Sometimes, things slip through the cracks. A childcare center called Kiddie Kollege opened in Gloucester County, New Jersey, in 2004. In 2006, Kiddie Kollege was closed when the NJDEP and the Department of Health and Senior Services found the facility was unfit for occupancy because it contained high levels of mercury. How this terrible thing happened is another story. But, as a direct result, a new law was passed requiring all existing childcare centers to prove that they were environmentally fit. Moreover, new childcare centers had to undergo rigorous due diligence to ensure environmental fitness.

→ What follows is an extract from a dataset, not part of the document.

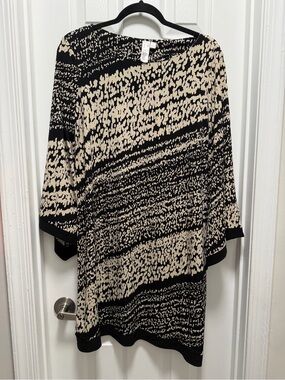 Emma & Michele Black and Cream Long-Sleeve Patterned Dress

Vapor intrusion — which occurs when organic vapor from substances such as gasoline travels through the soil into a building — didn’t become a recognized concern until the early 1990’s. The EPA drafted its first regulations in 2002, and the NJDEP published its own guidance in 2013. As a result, many buildings located on or next to sites with active subsurface cleanups or discharges have been identified as having impacted indoor air quality.

On November 3, 2009, the NJDEP revised its investigation and remediation protocols when it issued the Site Remediation Reform Act (SRRA), ushering in a new era of environmental compliance rules. The SRRA transferred environmental case management from NJDEP to environmental consultants via the Licensed Site Remediation Professional (LSRP) program. This one move unclogged a log jam of 20,000 cases whereby, finally, many long-standing cases were closed. Now, cleanups are more rigorous than ever before, yet the time for compliance has been drastically reduced and, in many instances, work is performed for less money.

As we approach 2021, are there more cleanups than ever before?

There are fewer impacted sites than ever before, but there is still much environmental work to be done. Today, because developable land is scarce, developers are willing to buy and remediate properties they may not have considered ten years ago. Most of the parties involved in today’s real estate transactions are far more savvy and aware of New Jersey’s stringent environmental rules. No industrial or commercial property is bought without undergoing some form of environmental due diligence. And, under the SRRA, even though a site has been closed in the past pursuant to proper NJDEP procedures, verification must be made to ensure that the former closure conforms to today’s NJDEP regulation standards. Some cases must be reopened to bring them into compliance with today’s standards (see Expired: Are Environmental Closures Valid Forever?). Consequently, many cleanups are still being performed, although the projects are often smaller in scope.

Should I be concerned about cleanups in my neighborhood?

New Jersey has some of the most stringent environmental policies in the nation. Highly hazardous, uncontrolled waste sites are rarely encountered anymore. Most of the sites being cleaned are not hazardous per EPA definitions (see Understanding Hazardous Waste Part 1).

Environmental consultants and contractors are trained to protect both their employees and the community. Therefore, the likelihood of danger to residents from the work done on these sites is minimal because all environmental remediation work performed in NJ must be performed under the guidance of licensed individuals employing regulated safety practices. Employees working on such projects must follow the protective requirements of the Occupational Safety and Health Administration (OSHA). Additionally, under the SRRA, there is a new requirement mandating that each responsible party post a sign indicating that a cleanup is underway. You can always get information by calling the consultant identified on that sign.

As a result of this collection of laws, rules, and regulations, more waste sites are being identified and cleaned than ever before. Often, they reside on small properties that may be located in residential, commercial, or industrial areas. As each remedial project is completed, our communities become that much cleaner and safer.